Due to the geography of the region and the location of the major gas im porters and suppliers, most of the international trade of gas in the Asia-Pacific region is in the form of LNG. Short distance pipelines, however, may well be the most economical supply method.

The existence of substantial base demand in some countries and the continuing gas finds near demand centers will certainly increase utilization. Trades between neighboring countries will continue to increase whenever untapped supplies can be economically utilized.

Complications in natural gas supply arise when there are several projects competing to fulfill the (potential) energy demand. While competition from different sources of natural gas, including LNG, does not necessarily affect the eventual gas consumption, a type of supply other than natural gas coming in will affect the feasibility of the natural gas supply.
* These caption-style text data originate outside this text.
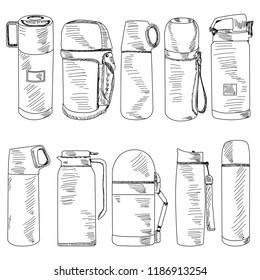 sketch, lines of thermos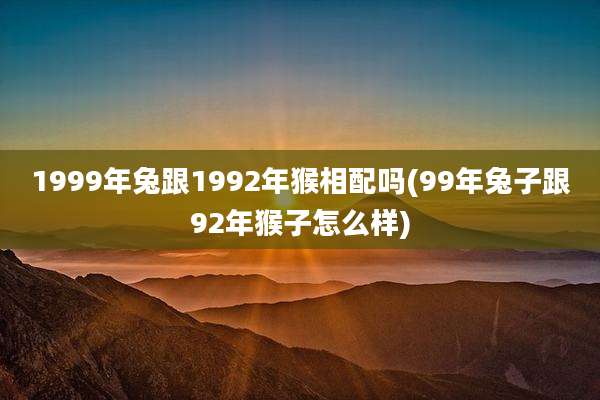 1999年兔跟1992年猴相配吗(99年兔子跟92年猴子怎么样)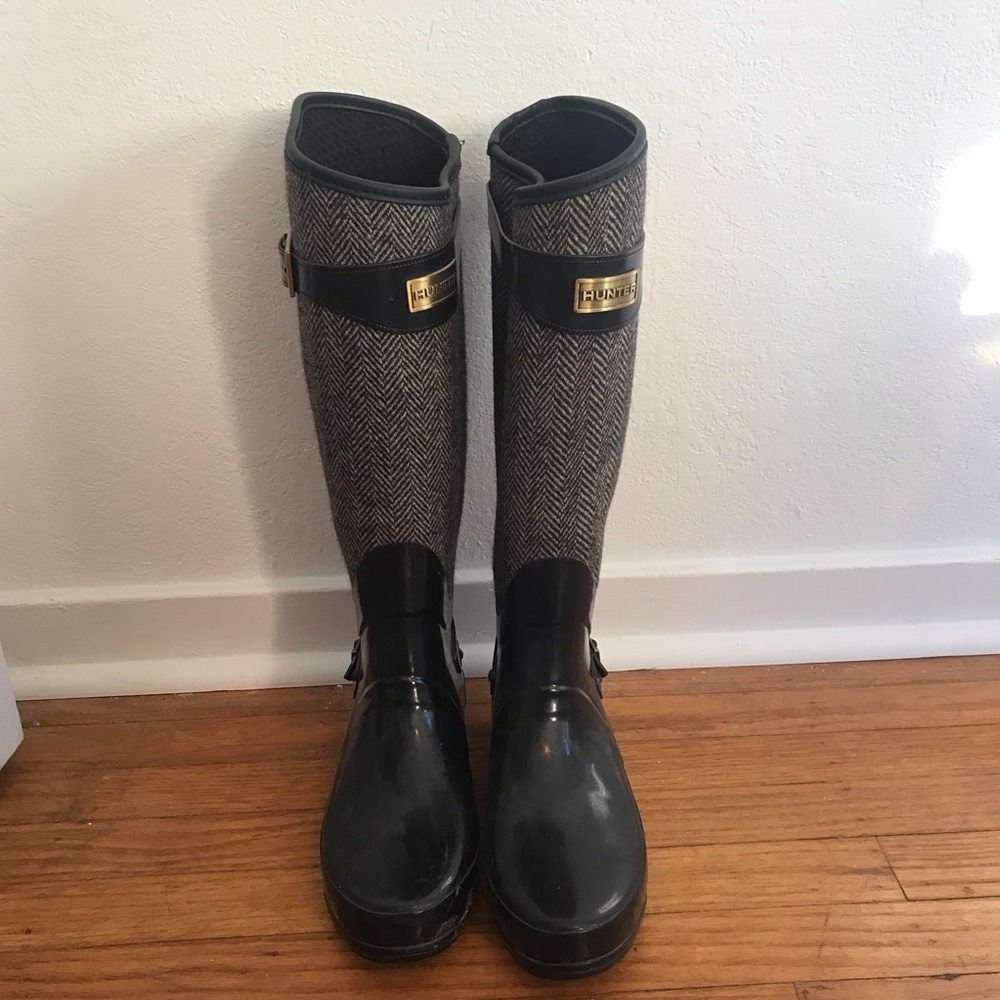 Hunter Regent Apsley Tall Boots Black Herringbone Sz 9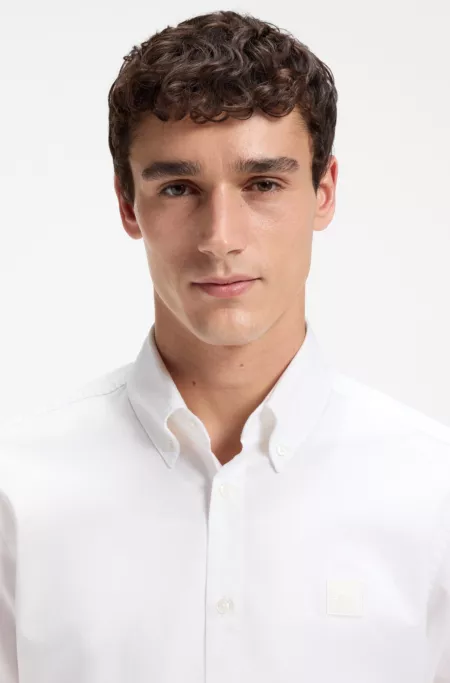 Regular-fit button-down shirt in cotton twill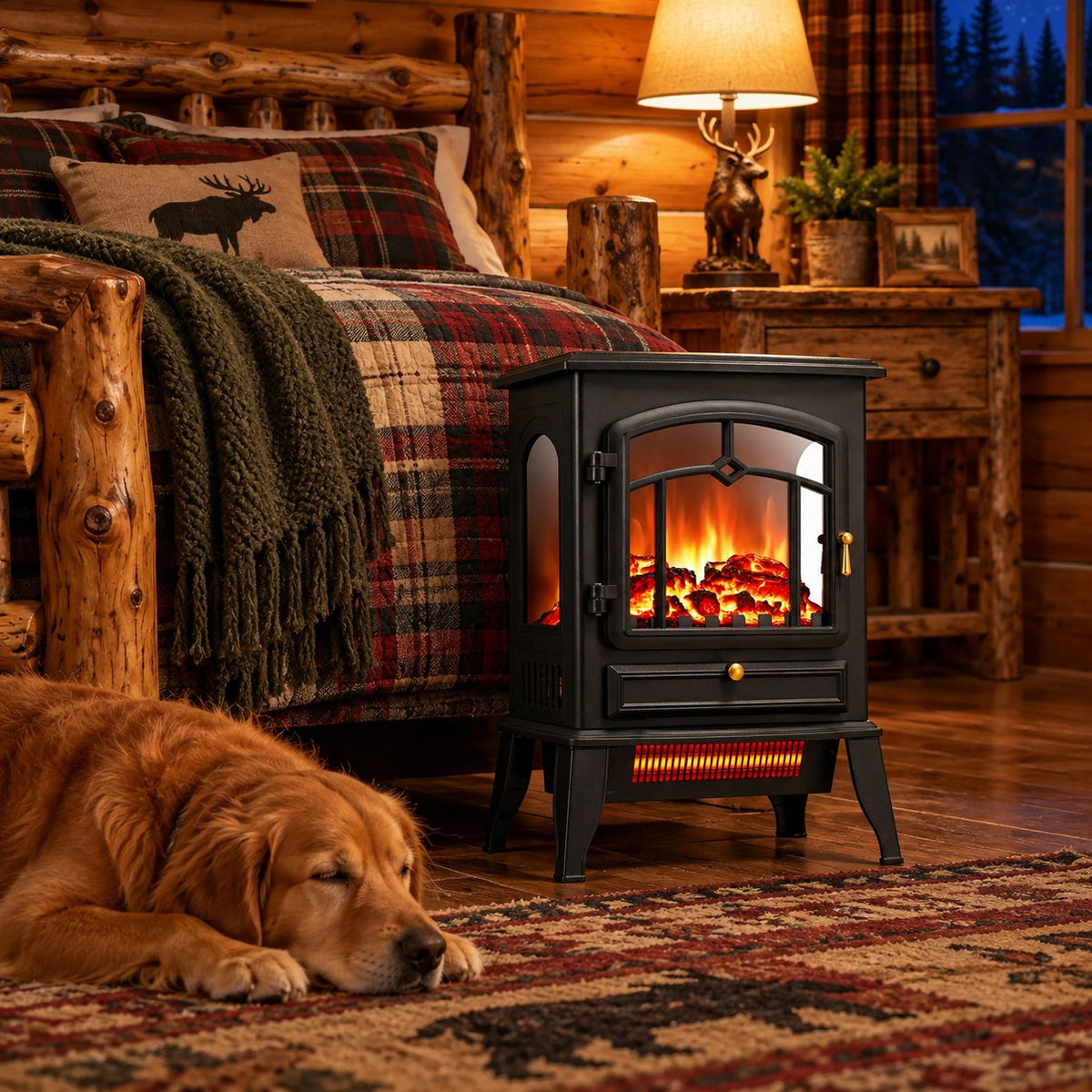 Electric fireplace stove warming a rustic cabin bedroom at night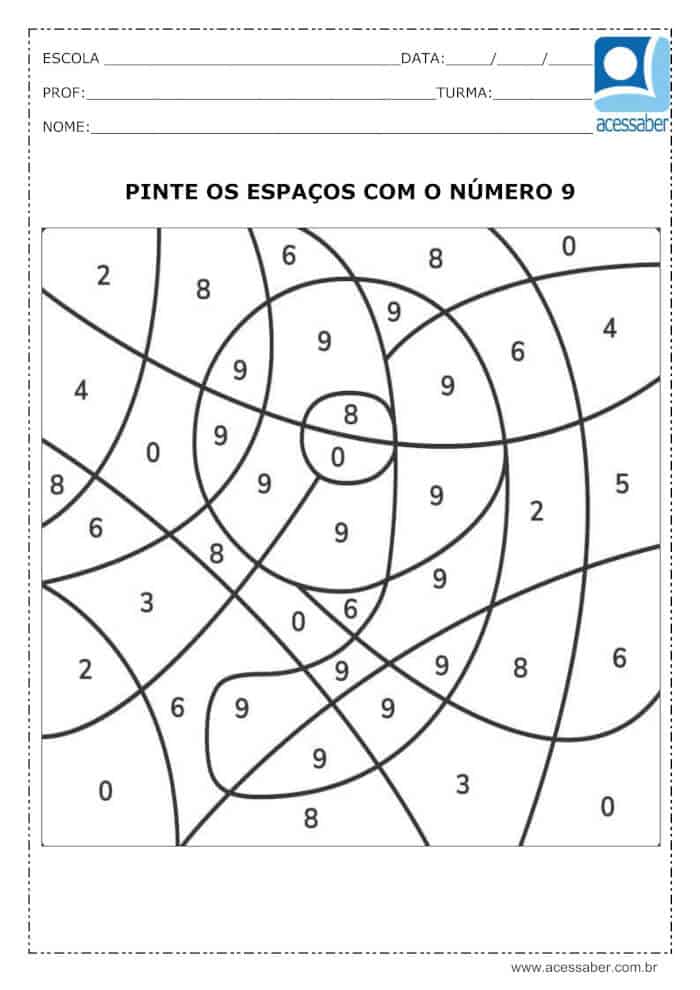 Atividade de Matemática para 1º Ano – Procure, pinte e conte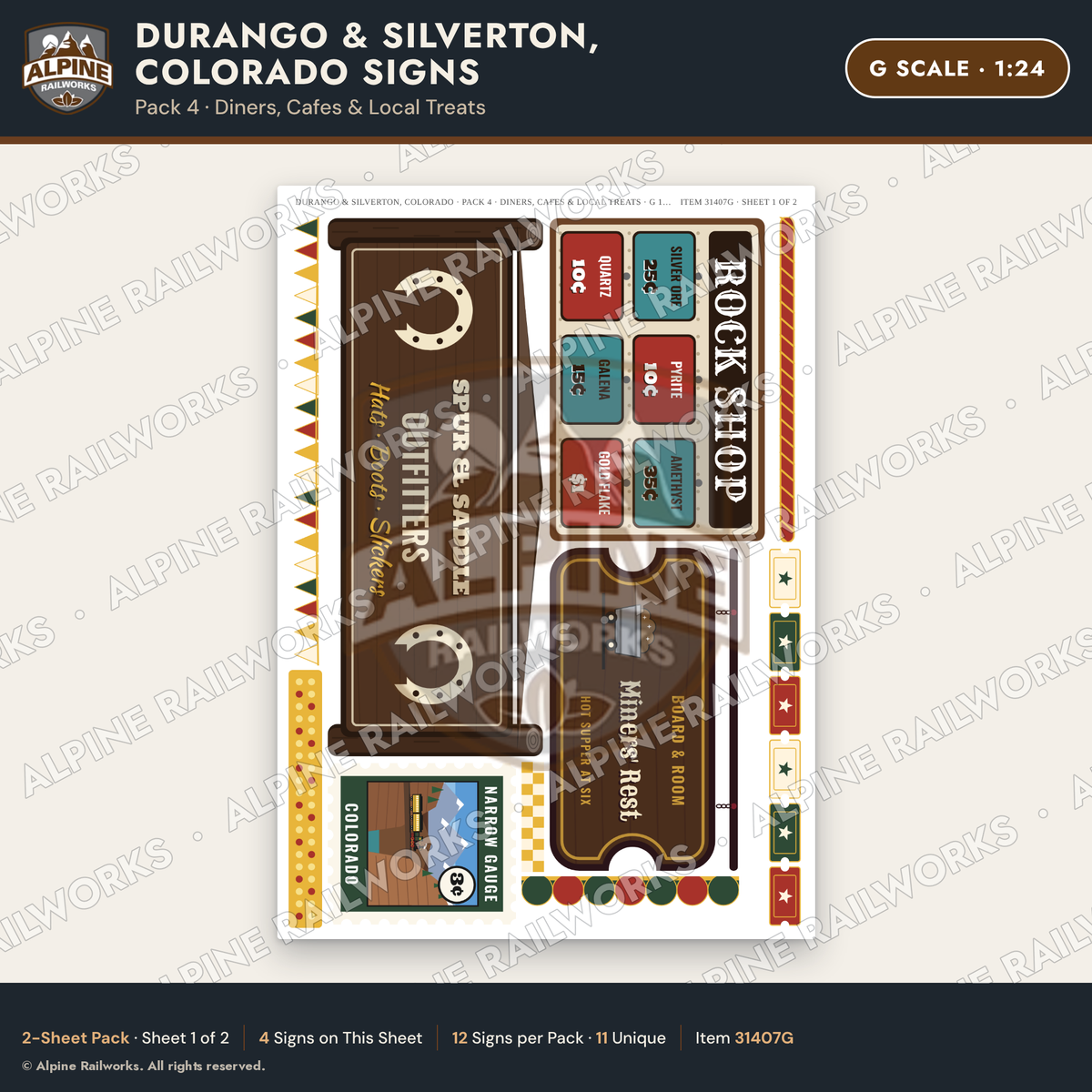 Alpine Railworks 31407G G Scale Durango CO Signs - Diners & Cafes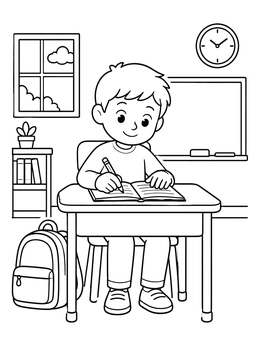 Free printable Diligent Student At School Desk coloring page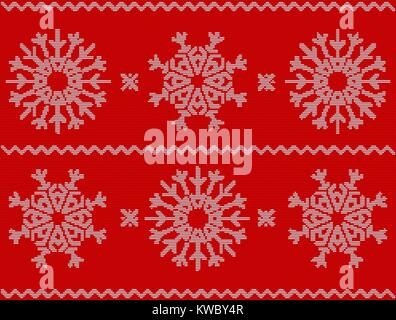 Christmas pattern with snowflakes, new year ornament on red background. Knitted vector pattern. Christmas sweater design. Wool knitted texture in whit Stock Vector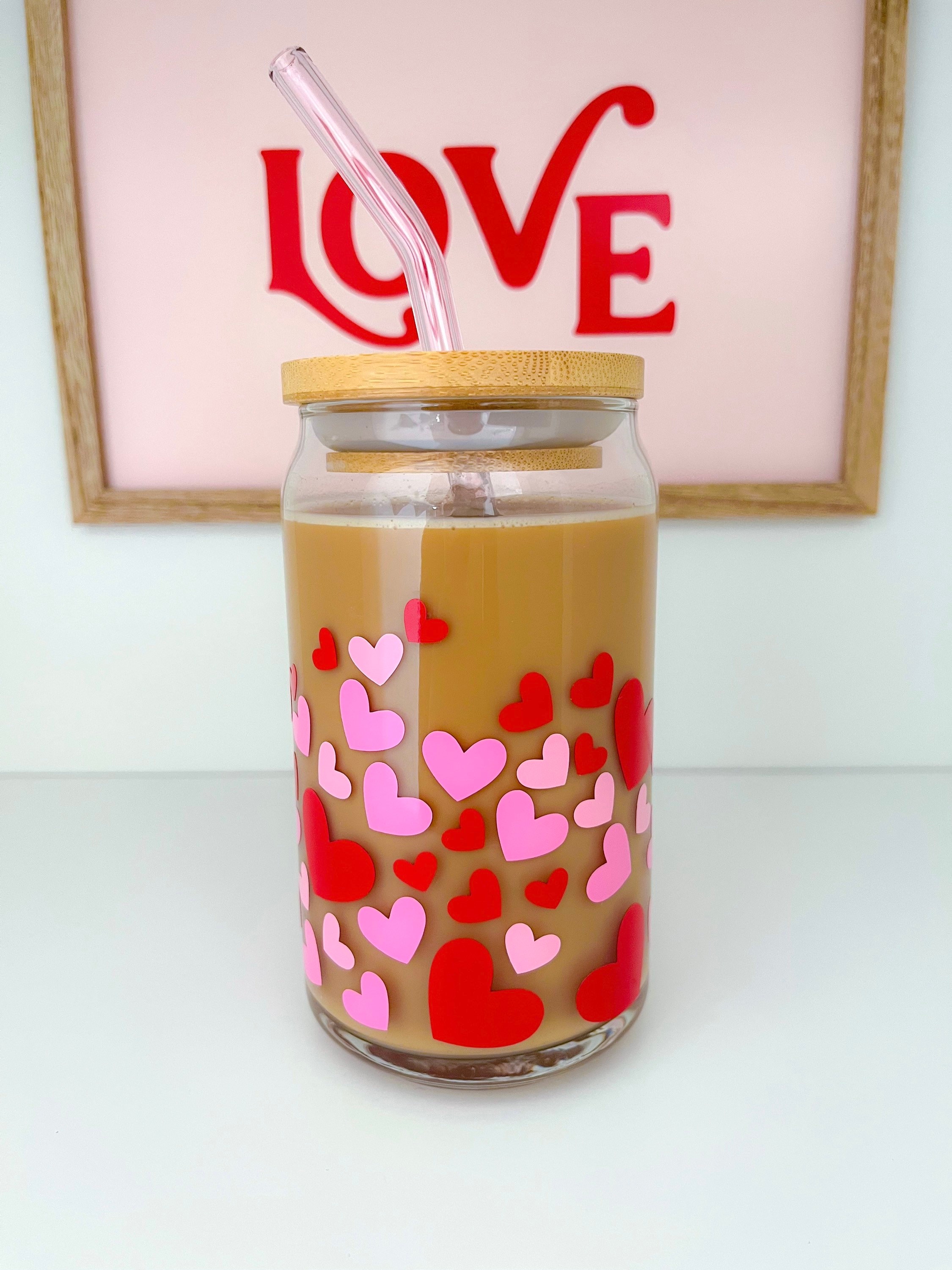 Hearts Glass Cup / Valentines Glass Cup / Iced Coffee Glass / Floating Hearts Glass Cup / Cute Coffee Cup / Valentines Gift / Gifts for Her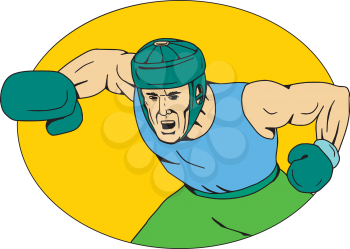 Drawing sketch style illustration of an amateur boxer wearing headgear hitting a knockout punch viewed from front set inside oval shape. 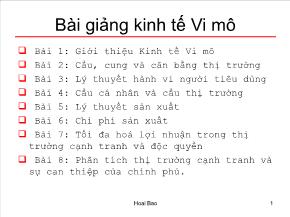 Bài giảng kinh tế Vi mô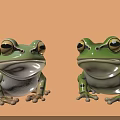 Green Cartoon Frogs With Yellow Eyes White Bellies And Dark Spots On Light Orange Background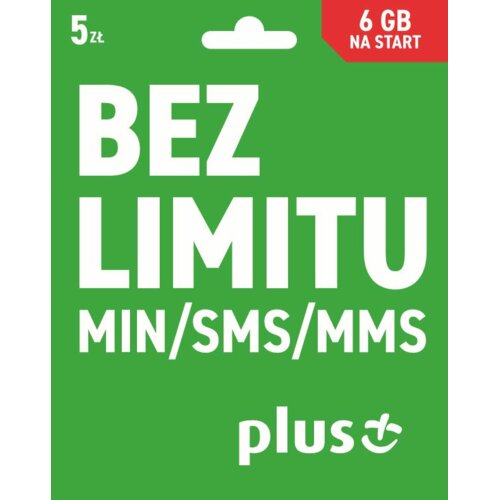 Pakiet startowy PLUS 5 Bez Limitu 5zł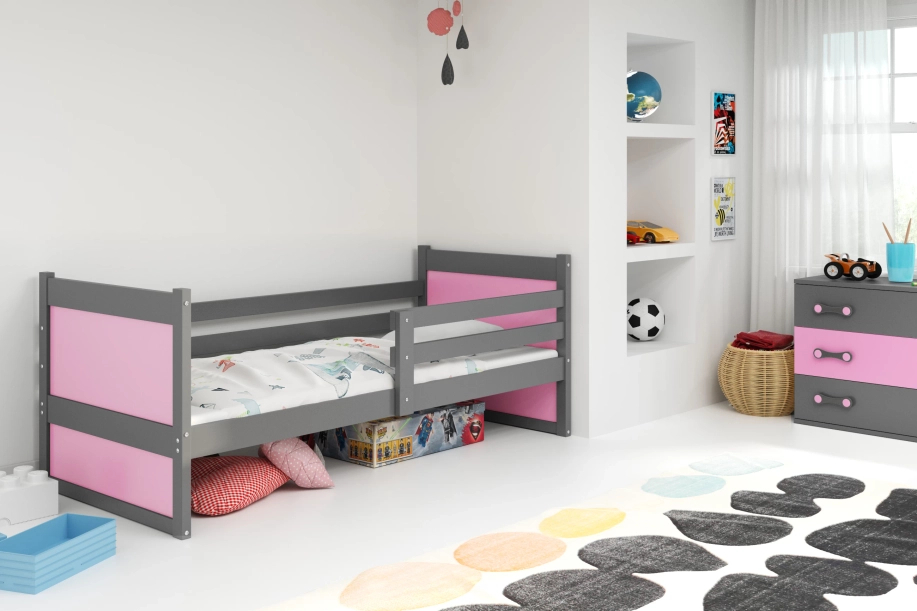 Lit ado simple Rico 90X200 avec matelas, gris/rose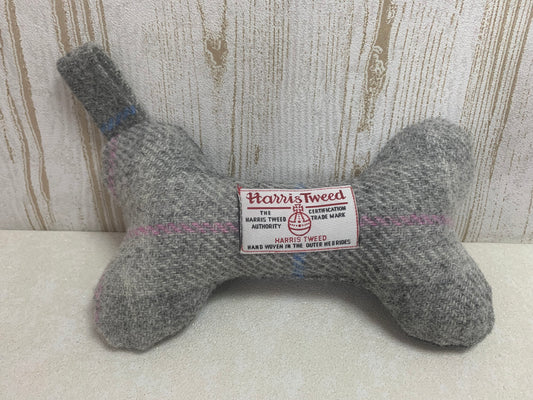 (Baby Grey) Bowzos Harris Tweed Squeaky Bone Toy - Grey - BOWZOS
This will result in delaying a few gas projects.

Moreover, a commitment to take substantial amounts of gas over a long period-necessary to make a project economically feasible-jeopardizes the buyers' flexibility. This is especially true if less-expensive new sources of natural gas arise; it is the inherent problem with LNG trades.

The anticipated high consumption growth depends largely on how buyers, sellers, and financiers of each project arrive at flexible terms, both in the period of the contract and the minimum gas take.

In an era of deregulation and the increasing role of independent power, the traditional contract structure for LNG seems inappropriate. It commits the buyer to 20-25-year contracts and 90-95% offtake before take-or-pay clauses are triggered.

The inflexibility of the contract structure is itself an impediment to expanding gas use, as the buyer, typically a power company, justifiably fears facing the harsh take-or-pay situation. Inability to take the gas can result from an economic downturn or loss of markets to independent power producers (IPPs).

IPPs themselves fear the same inflexibility. As such, consumption may well be below potential demand because of the nature of the contracts. This is not a serious problem in the US or Europe, where multiple pipelines and multiple buyers can buy gas at short notice or even in futures exchanges.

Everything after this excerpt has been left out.